Success rates are encouraging. In one series, about 50% of couples achieved a live birth, and another reported a live birth rate of 62.5% per cycle. However, men with full CF (as opposed to those who only have the missing vas deferens without other CF symptoms) tend to have lower sperm concentrations during retrieval, and about 70% need a backup testicular extraction procedure during the same surgery to obtain enough viable sperm. Despite these added hurdles, the final live birth rates are comparable between the two groups.

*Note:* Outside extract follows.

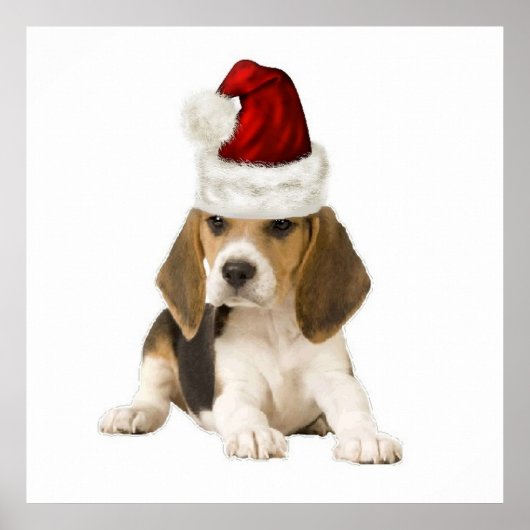Ditzy Dogs~Original Poster~Beagle~Christmas Poster (Vorne)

Pregnancy Considerations for Women With CF

More women with CF are carrying pregnancies successfully than ever before. In Italy, the number of women with CF in their childbearing years grew by 16.2% between 2016 and 2023, reflecting improved survival and health. Many of these women are now having healthy babies.

Lung function is the most important factor in determining pregnancy safety. Current guidelines generally advise against pregnancy when lung function (measured as FEV1) falls below 60% of predicted values, and consider severe pulmonary hypertension or right-sided heart failure absolute contraindications. Pregnancy increases the body’s demand for oxygen and cardiac output, and lungs that are already significantly compromised may not be able to keep up. Women with lung function above this threshold, good nutritional status, and stable disease typically do well through pregnancy, though they need close monitoring by a team familiar with CF.

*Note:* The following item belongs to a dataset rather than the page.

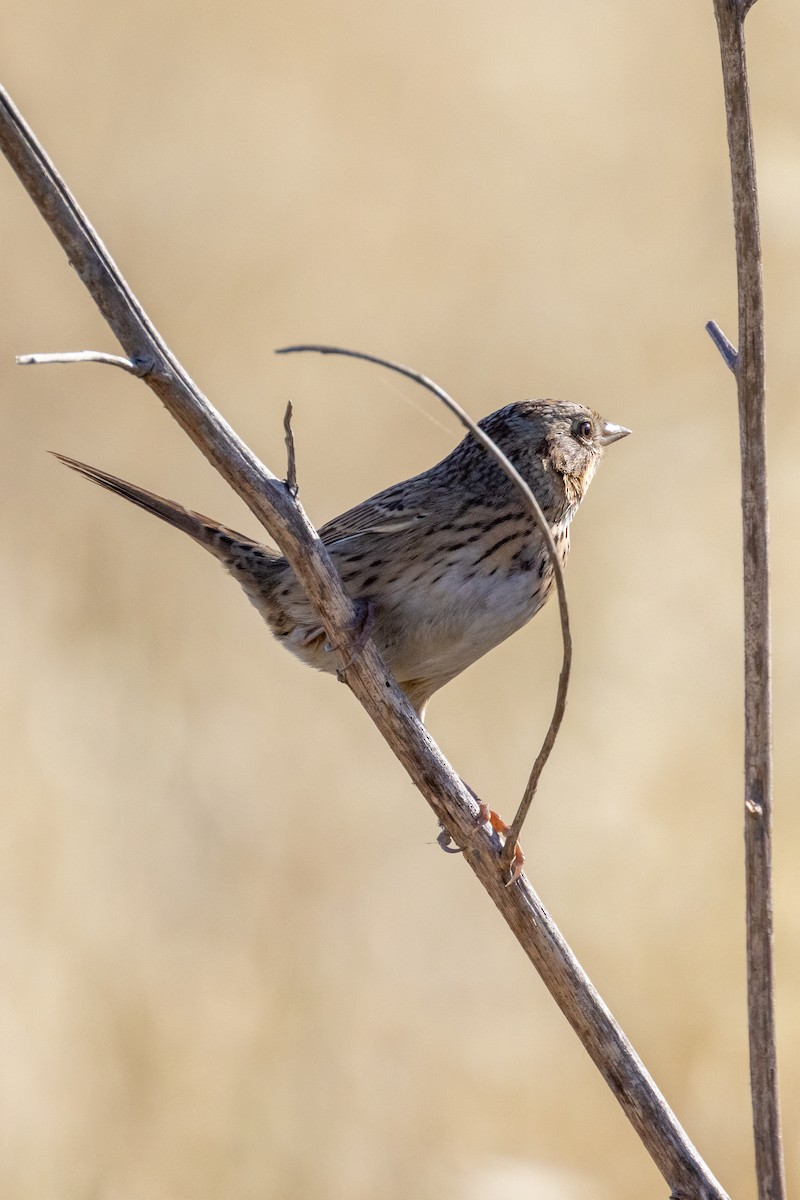 Lincoln's Sparrow - Kevin Fistanic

Gestational diabetes is also more common in women with CF because of pancreatic damage that impairs insulin production. Nutritional demands increase substantially during pregnancy, which can be difficult for someone who already struggles with calorie absorption.

How Newer Treatments Are Changing the Picture

The introduction of highly effective CFTR modulator therapies has reshaped reproductive planning for people with CF. These medications partially restore the function of the defective protein, leading to dramatic improvements in lung function, weight gain, and overall health. For women, better nutrition and improved mucus hydration appear to be increasing the number of successful pregnancies, though researchers are still quantifying exactly how much fertility improves.

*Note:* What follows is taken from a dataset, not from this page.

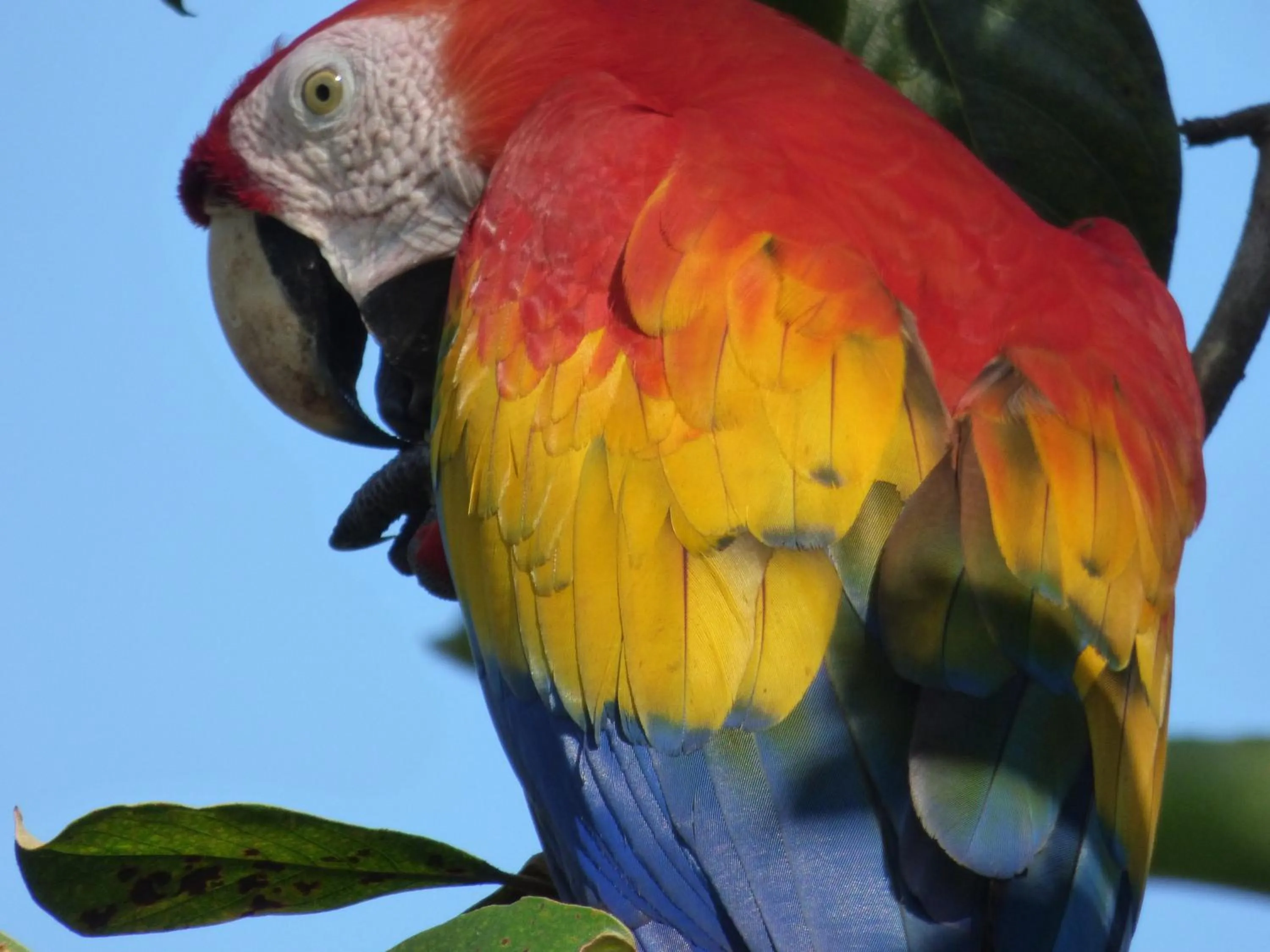 Animals in Corcovado Beach Lodge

For men, the picture is more complicated. Modulators can improve the function of the prostate and seminal vesicles, potentially increasing ejaculate volume. They also improve general health, which can make the process of surgical sperm retrieval and assisted reproduction easier to undergo. But they do not regenerate the vas deferens. The structural absence is established before birth, and no postnatal treatment has been shown to reverse it. Men with CF who want biological children still need assisted reproduction.

Genetic Counseling and Carrier Screening

Because CF is a recessive genetic condition, a child can only develop it if both parents carry a mutation in the CFTR gene. For a person with CF (who carries two mutations), every child will inherit at least one copy. Whether that child has CF depends entirely on the other parent’s genetics. If the partner is a carrier, there’s a 50% chance the child will have CF. If the partner carries no CFTR mutations, the child will be a carrier but won’t have the disease.

Carrier rates vary by ethnicity. Among Caucasians, roughly 1 in 27 people carry a CFTR mutation. Among Hispanic Americans, the rate is approximately 1 in 48, and among African Americans, about 1 in 79. Expanded carrier screening panels that include more mutations can improve detection rates, especially in non-Caucasian populations where the most common mutations differ. Partner screening is a straightforward blood test and is a standard recommendation for anyone with CF who is planning a family.